Copy each entry below exactly. No images.

##### Data listing #####

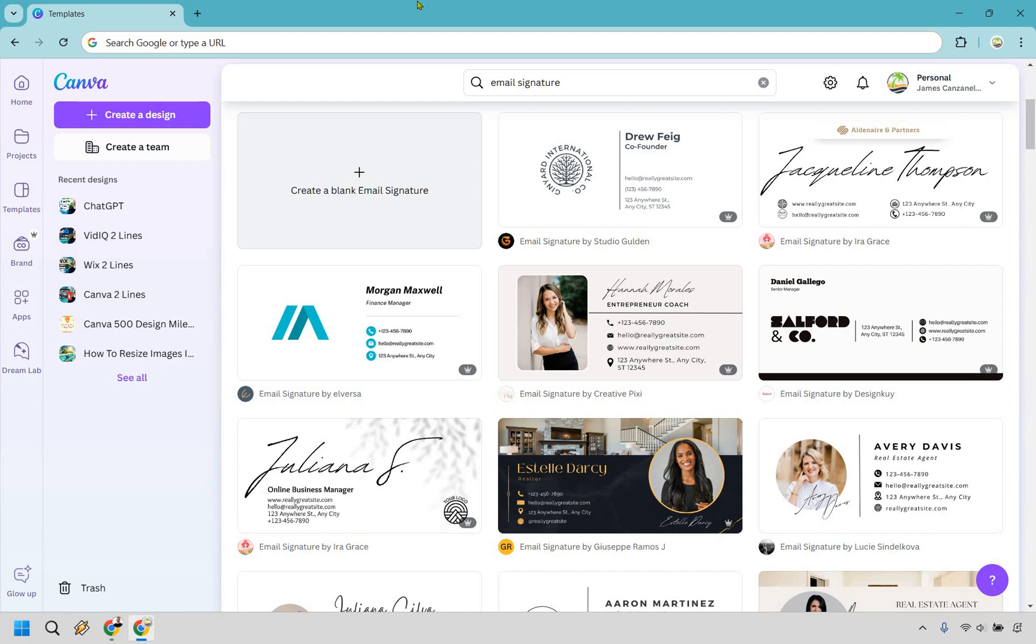Here we're going to create an animated email signature using Canva. It's very easy to do, and if you'd like to follow along, you can click the link in the description to try Canva for free or simply use it for easier login access.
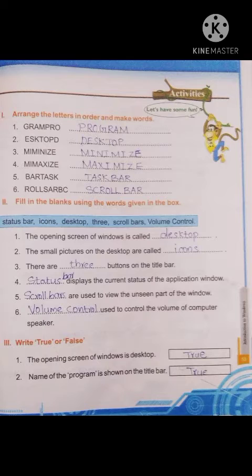Second one: the small pictures on the desktop are called dash. The small pictures on the desktop — icons. The small pictures on the desktop are called icons. Third question: there are dash buttons on the title bar. There are three buttons on the title bar.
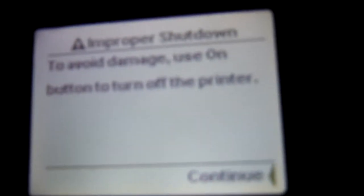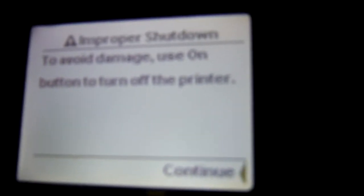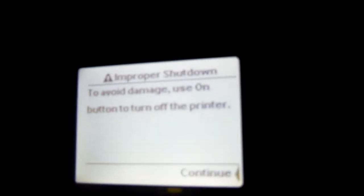Okay. I've turned it on. I don't know if you can read that or not. Improper shutdown. To avoid damage, use on button to turn off the printer. I thought an on button was to turn on the printer.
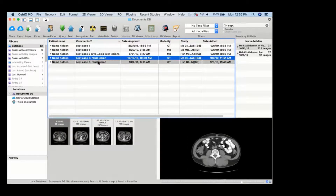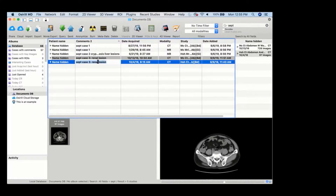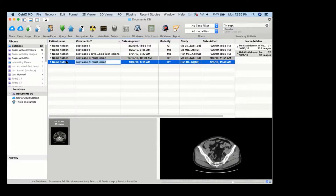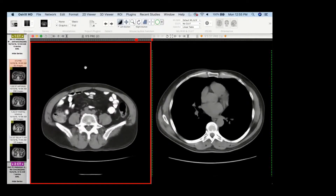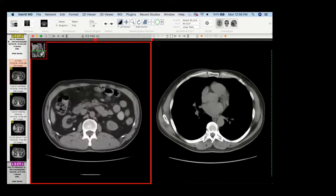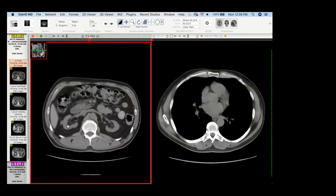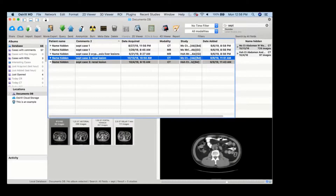This was a lesion that was picked up by my colleague on a non-con CT. There was this little lesion in the right midpole, and so he recommended a renal protocol CT, which the patient went on to get.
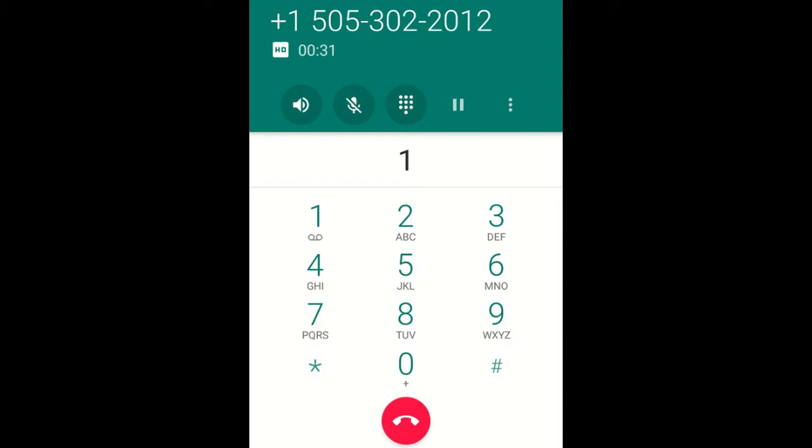By pressing 1, you consent to receive auto-dialed and pre-recorded calls to play, which may include telemarketing messages from or on behalf of IntelliMedia Premier Leads to the number you're calling from.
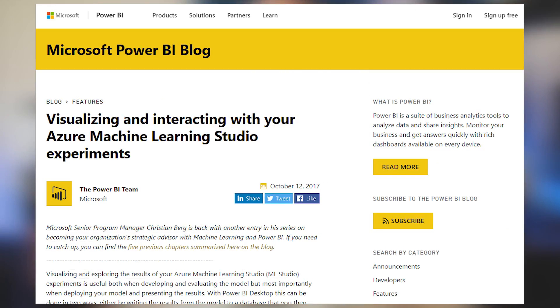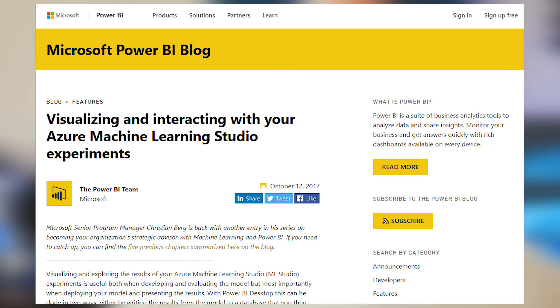Christian Berg from the Power BI CAT Team has a blog where he looks at how to visualize and interact with your Azure Machine Learning experiments. If you're using Azure Machine Learning and creating experiments and you want to explore those items with Power BI, this is a great blog. He goes through how he set this up and talks about the different pages in the report. It is a long and very detailed blog post, so if you're interested in exploring your Azure Machine Learning experiments with Power BI, check out this blog post.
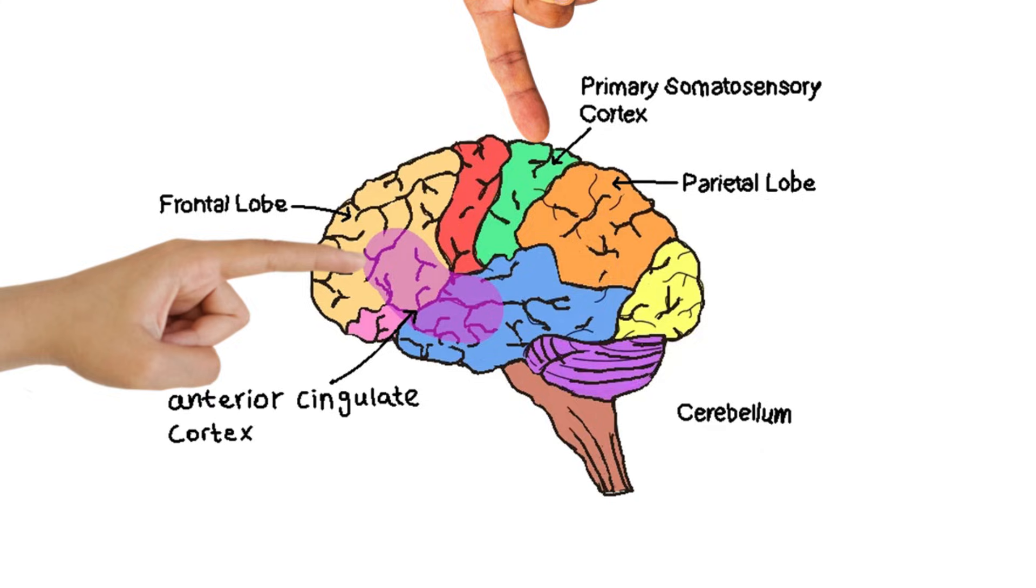When someone else tickles you, your brain lights up like a disco ball. Have you come to destroy me, platypus?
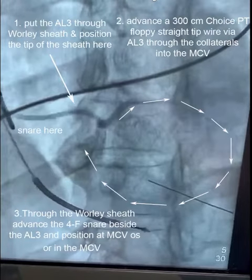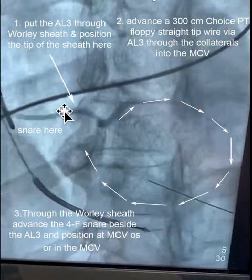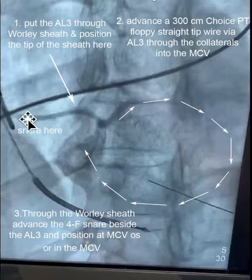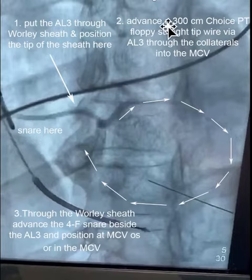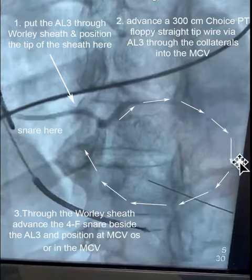So how would you implant such a case? First, you would put the AL-3 that engaged this branch through the whirly sheath, which is a nine French internal diameter. Number two, you advance a 300 centimeter Choice PT floppy wire straight tip through the AL-3, around the laterals, and then back into the middle cardiac vein.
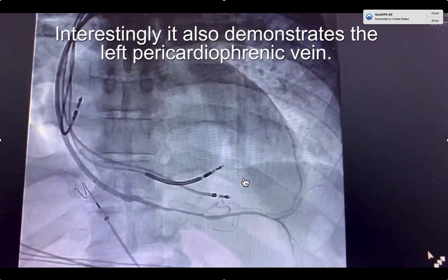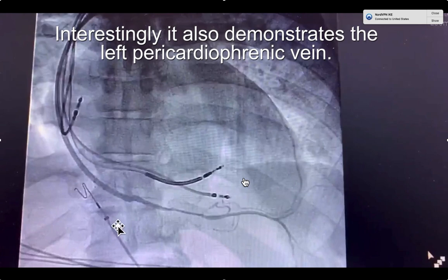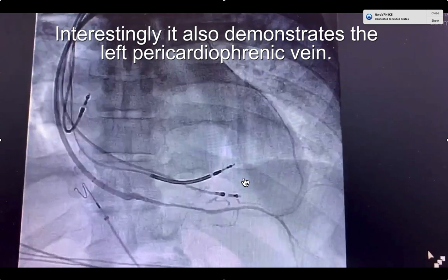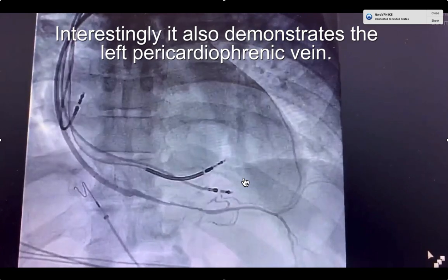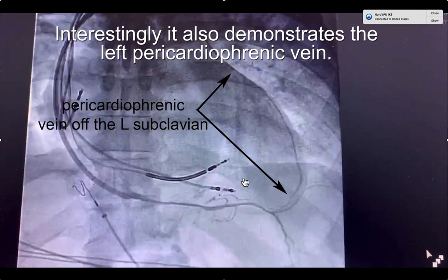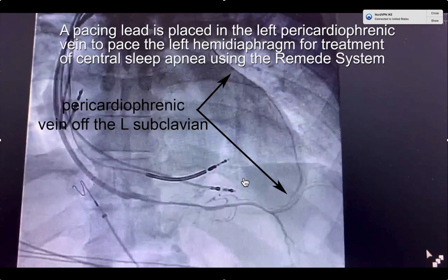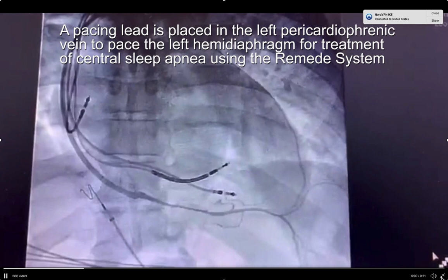Interestingly, it also demonstrates the left pericardiophrenic vein, and this is something that electrophysiology physicians are going to become more aware of in the future.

#####

**Exercise solution:**
Here we're going to create an animated email signature using Canva. It's very easy to do, and if you'd like to follow along, you can click the link in the description to try Canva for free or simply use it for easier login access.
Second one: the small pictures on the desktop are called dash. The small pictures on the desktop — icons. The small pictures on the desktop are called icons. Third question: there are dash buttons on the title bar. There are three buttons on the title bar.
Okay. I've turned it on. I don't know if you can read that or not. Improper shutdown. To avoid damage, use on button to turn off the printer. I thought an on button was to turn on the printer.
This was a lesion that was picked up by my colleague on a non-con CT. There was this little lesion in the right midpole, and so he recommended a renal protocol CT, which the patient went on to get.
By pressing 1, you consent to receive auto-dialed and pre-recorded calls to play, which may include telemarketing messages from or on behalf of IntelliMedia Premier Leads to the number you're calling from.
Christian Berg from the Power BI CAT Team has a blog where he looks at how to visualize and interact with your Azure Machine Learning experiments. If you're using Azure Machine Learning and creating experiments and you want to explore those items with Power BI, this is a great blog. He goes through how he set this up and talks about the different pages in the report. It is a long and very detailed blog post, so if you're interested in exploring your Azure Machine Learning experiments with Power BI, check out this blog post.
When someone else tickles you, your brain lights up like a disco ball. Have you come to destroy me, platypus?
So how would you implant such a case? First, you would put the AL-3 that engaged this branch through the whirly sheath, which is a nine French internal diameter. Number two, you advance a 300 centimeter Choice PT floppy wire straight tip through the AL-3, around the laterals, and then back into the middle cardiac vein.
Interestingly, it also demonstrates the left pericardiophrenic vein, and this is something that electrophysiology physicians are going to become more aware of in the future.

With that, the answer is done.